Ingest pipelines in Elasticsearch transform documents before they are written to an index, keeping fields consistent across sources and reducing downstream parsing. Normalizing at ingest prevents messy inputs from leaking into dashboards, alerts, and aggregations.

A pipeline is created and updated through the _ingest/pipeline API and executed during indexing by ingest-capable nodes. Each pipeline contains an ordered list of processors that mutate _source fields, and it can be referenced per request with the pipeline query parameter or applied automatically via index settings such as index.default_pipeline.

Pipeline IDs are cluster-wide and a PUT request updates any existing pipeline with the same name.
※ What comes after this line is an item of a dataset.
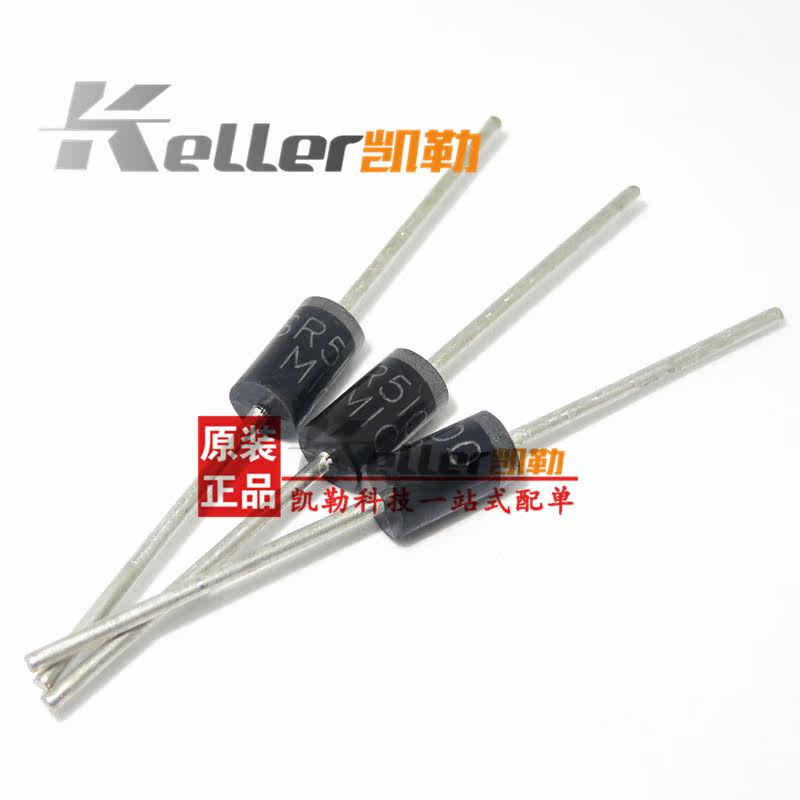 直插 SR5100 肖特基二極管|代替SB5100 DO-27 5A 100V在類目 3C數碼配件, 電子元器件市場, 電子器件, 二極管/LED中 - 來自Buy2taobao.com提供專業的淘寶代購服務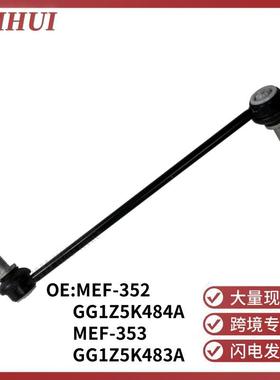 MEF3532适用林肯Taurus前平衡杆球头平衡杆吊杆GG1Z5K4843A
Clusters with security enabled typically require HTTPS and authentication for API calls, and processor failures can reject documents during indexing, so validating changes with _simulate is the safest first check.

Steps to create an ingest pipeline in Elasticsearch:

  1. Create an ingest pipeline with processors.
    $ curl -s -H "Content-Type: application/json" -X PUT "http://localhost:9200/_ingest/pipeline/logs-normalize?pretty" -d '{
      "description": "Normalize log level and add service name",
      "processors": [
        { "lowercase": { "field": "level" } },
        { "set": { "field": "service", "value": "api" } }
      ]
    }'
    {
      "acknowledged" : true
    }

    A PUT request replaces an existing pipeline with the same ID, changing ingest behavior for every request that references it.
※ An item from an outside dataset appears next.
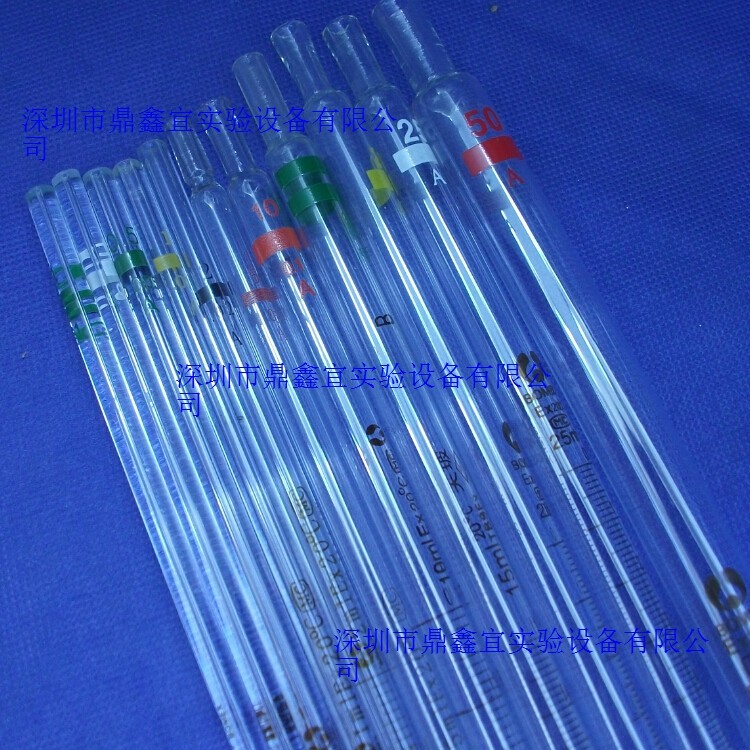 刻度吸管10ml 环标刻度吸管 分度吸管 刻度移液管 分度移液管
  2. Simulate the pipeline with a sample document.
    $ curl -s -H "Content-Type: application/json" -X POST "http://localhost:9200/_ingest/pipeline/logs-normalize/_simulate?filter_path=docs.doc._source&pretty" -d '{
      "docs": [
        { "_source": { "level": "ERROR", "message": "timeout" } }
      ]
    }'
    {
      "docs" : [
        {
          "doc" : {
            "_source" : {
              "message" : "timeout",
              "level" : "error",
              "service" : "api"
            }
          }
        }
      ]
    }

    The _simulate endpoint returns transformed documents without indexing them, making it suitable for validating processor behavior safely.

  3. Index a document using the pipeline.
    $ curl -s -H "Content-Type: application/json" -X POST "http://localhost:9200/logs-2025.01/_doc?pipeline=logs-normalize&filter_path=result&pretty" -d '{
      "level": "WARN",
      "message": "retry"
    }'
    {
      "result" : "created"
    }

    The pipeline query parameter can also be used on Bulk API requests to process batches through the same ingest pipeline.

  4. Fetch the stored pipeline definition for confirmation.
    $ curl -s -X GET "http://localhost:9200/_ingest/pipeline/logs-normalize?filter_path=*.description,*.processors&pretty"
    {
      "logs-normalize" : {
        "description" : "Normalize log level and add service name",
        "processors" : [
          {
            "lowercase" : {
              "field" : "level"
            }
          },
          {
            "set" : {
              "field" : "service",
              "value" : "api"
            }
          }
        ]
      }
    }